SEO was another important pillar. At the time of the interview, Nicolas was treating blog growth as a major project. He had already written four long-form posts and wanted to outsource more than 30 additional articles to grow organic daily visitors from 1,000 to 3,000, and eventually to 5,000.

Guest posting helped with SEO, while advertising did not produce major results. The lesson was simple. For Failory, building founder resources that could be searched and shared over a long period fit better than a model that paid to acquire readers.

Failory official landing page image

Image source: Failory official site

Q. What did you automate to operate it solo?

The first product was built with Webflow. That was a decision to prioritize speed over code. Even without much experience, Nicolas could build the whole project in two to three weeks, which let him spend more time on interview outreach and content publishing.

He also solved operations by adding tools. He used a CRM on top of Gmail to manage interviewees and sponsors, and hired external writers to expand content production. A model where he wrote everything himself would have made it hard to keep up the pace of growth.

Still, this was less about full automation and more about removing repetitive work through tools and outsourcing. In content media, quality and consistency ultimately matter. So the core judgment stayed with him, while repeatable parts like writing, design, and management were gradually moved outside.

Q. What are the weaknesses of this model?

The biggest weakness is consistency. When publishing stops, traffic drops and reader affection cools. Nicolas experienced firsthand that when he stopped publishing for weeks or months, traffic declined.

The second weakness is that revenue and costs grow together. More content requires writers and design costs. Public metrics may show revenue rising, but expenses can rise at the same time. You cannot judge a content business by revenue alone.
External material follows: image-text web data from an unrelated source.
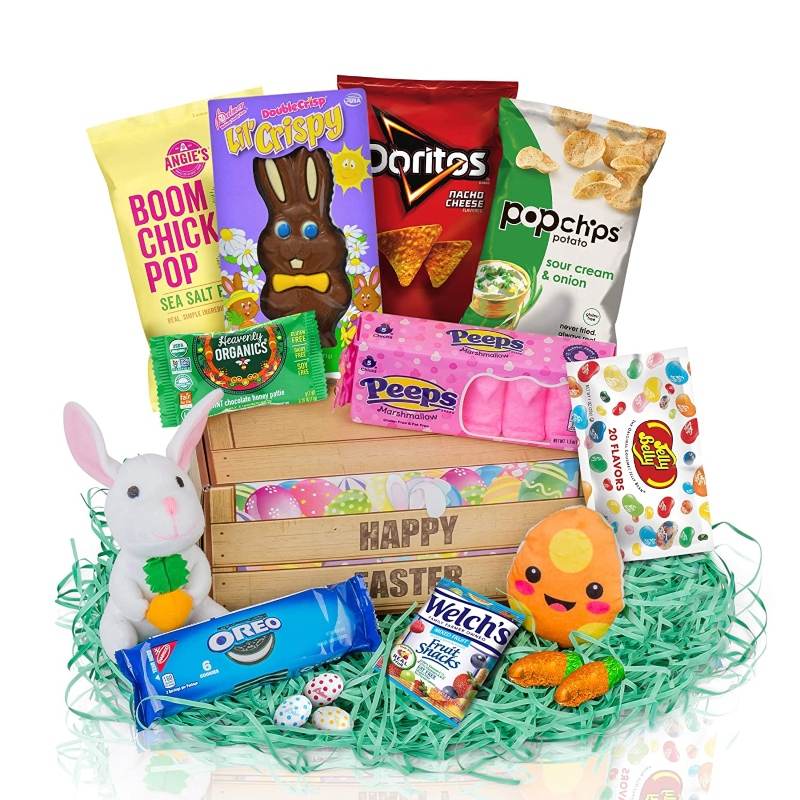 prefilled easterbaskets for all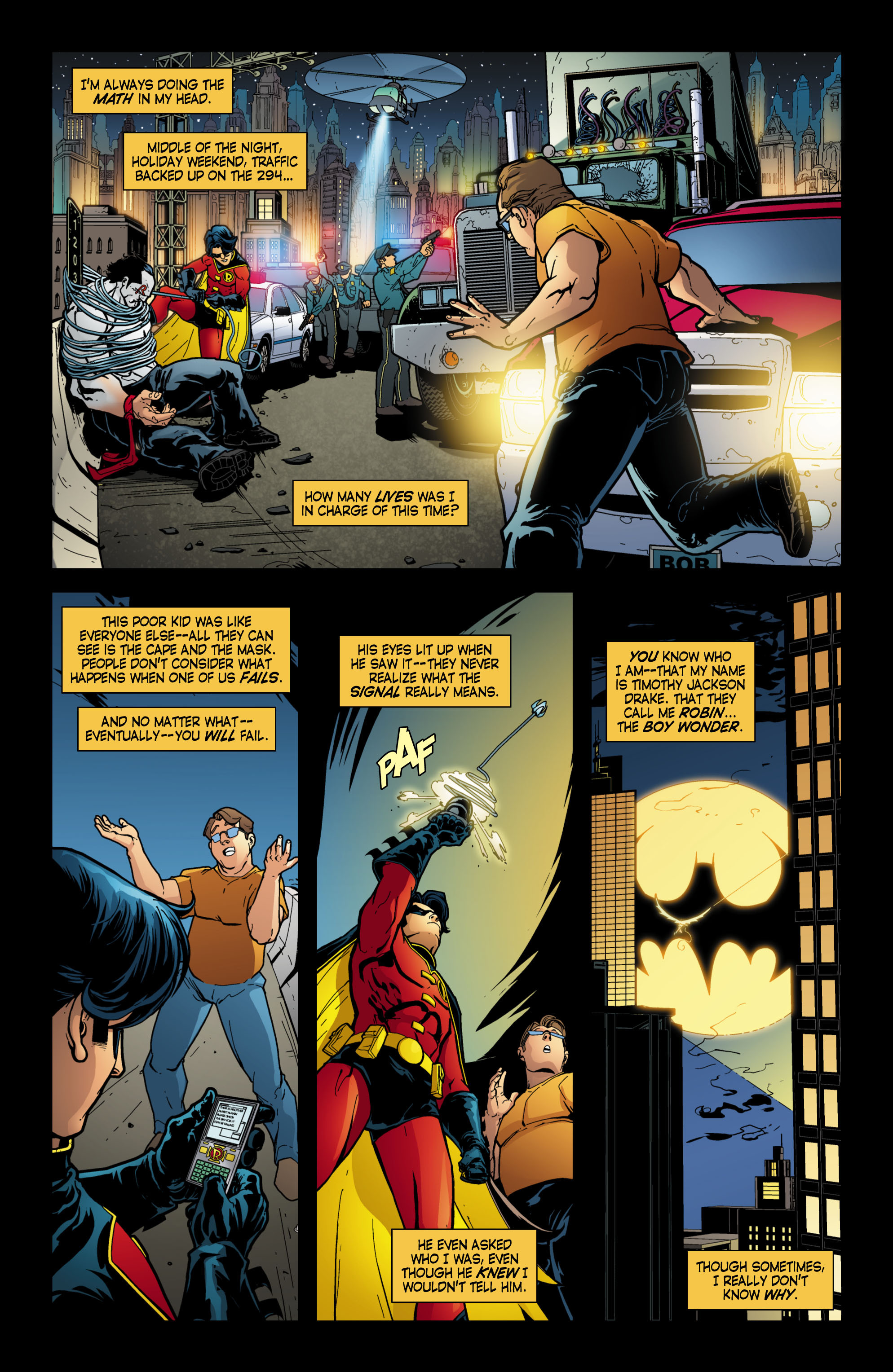 Read online Robin (1993) comic -  Issue #167 - 6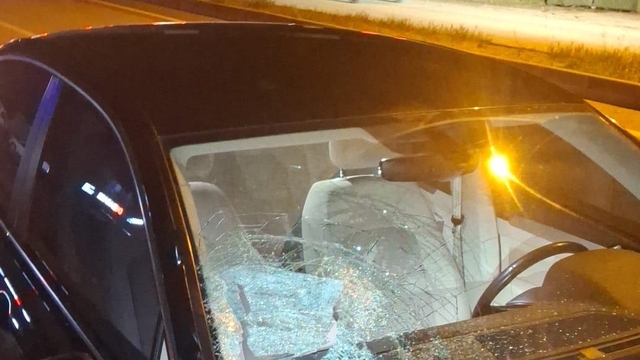 Bodrum'da karıştığı kazadan yara almadan kurtulan sürücü otomobilin çarpması sonucu ağır yaralandı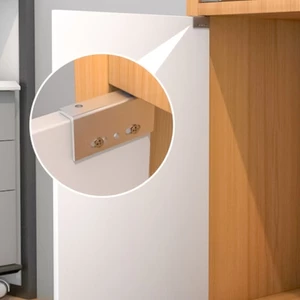 OXXGGKAO Bản Lề Che Khuyết Điểm Cửa Tủ Bản Lề Lên Xuống Cửa Xoay Mã Góc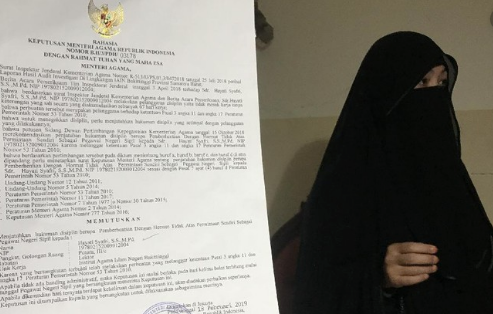 MUI: ASN Harus Patuh Dilarang Pakai Cadar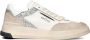 GHOUD Lage Sneakers Dames Tweener Low D Maat: 41 Materiaal: Leer Kleur: Grijs - Thumbnail 1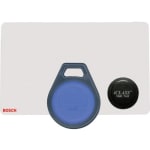 Bosch iCLASS 16K Wiegand Token (26-bit) - Printable - Smart Card - 2.99in x 2.01in Length - 10 - Black - Plastic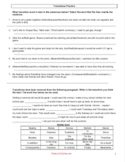 Transitional Words Worksheets: Improve Sentence Fluency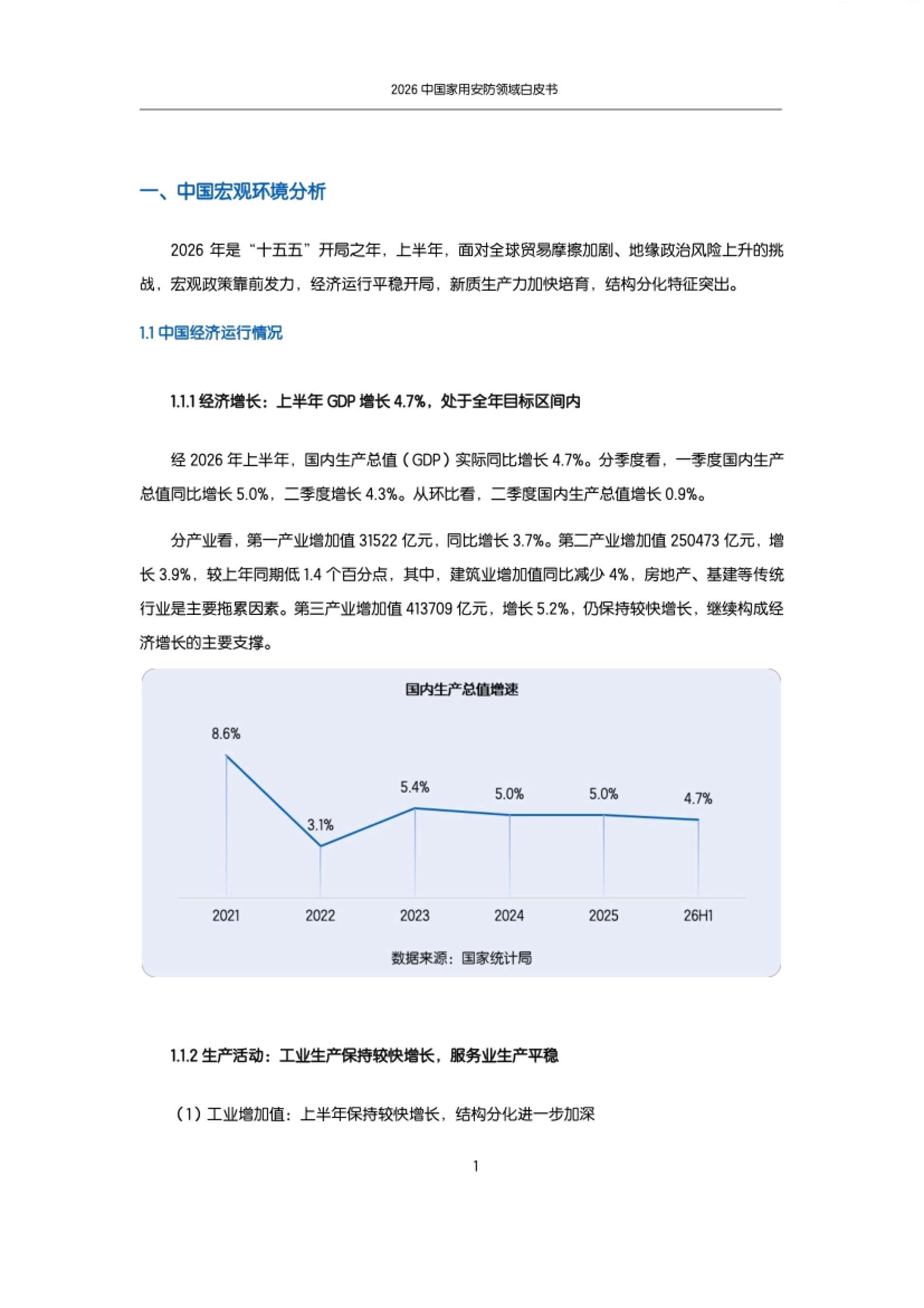 2026年中国家用安防领域白皮书-AVC_第6页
The third weakness is positioning fatigue. The idea of “learning from failure” is strong, but as more content accumulates, differentiation can blur. That is why Failory expanded beyond interviews into a shutdown database, newsletter, tools, and digital products. If you want to carry one topic for a long time, you have to keep changing the format.

🛠 What to Test This Week

  1. One thing to copy today — Pick one topic in your field where everyone talks only about success stories, then organize 10 failure cases in a table. Once you can see “what repeatedly breaks,” you have a content angle.
  1. One thing to test within 7 days — Before creating three interview-style articles, send 30 outreach emails first. If nobody replies, your first problem is not content quality. It is supply.
  1. One mistake to avoid — Do not assume that publishing public metrics will automatically create growth. Numbers are material that strengthen content and trust. The real engine of acquisition is repeated publishing and searchable assets.

📎 Related Numbers / Cases Worth Studying

  • RentAHuman — An experimental marketplace that attracted media attention with a strong framing: AI agents assigning physical-world tasks to real humans.
  • The Wayward Home — A content business that started with low upfront costs, built up search and email traffic, and reached $28K/month during peak season.
  • Simple Analytics — A privacy analytics SaaS that turned its public dashboard and monthly updates into trust and marketing assets.

Bottom line: The first revenue in a content business does not come from a single article. It comes from a repeatable point of view and a visible operating rhythm.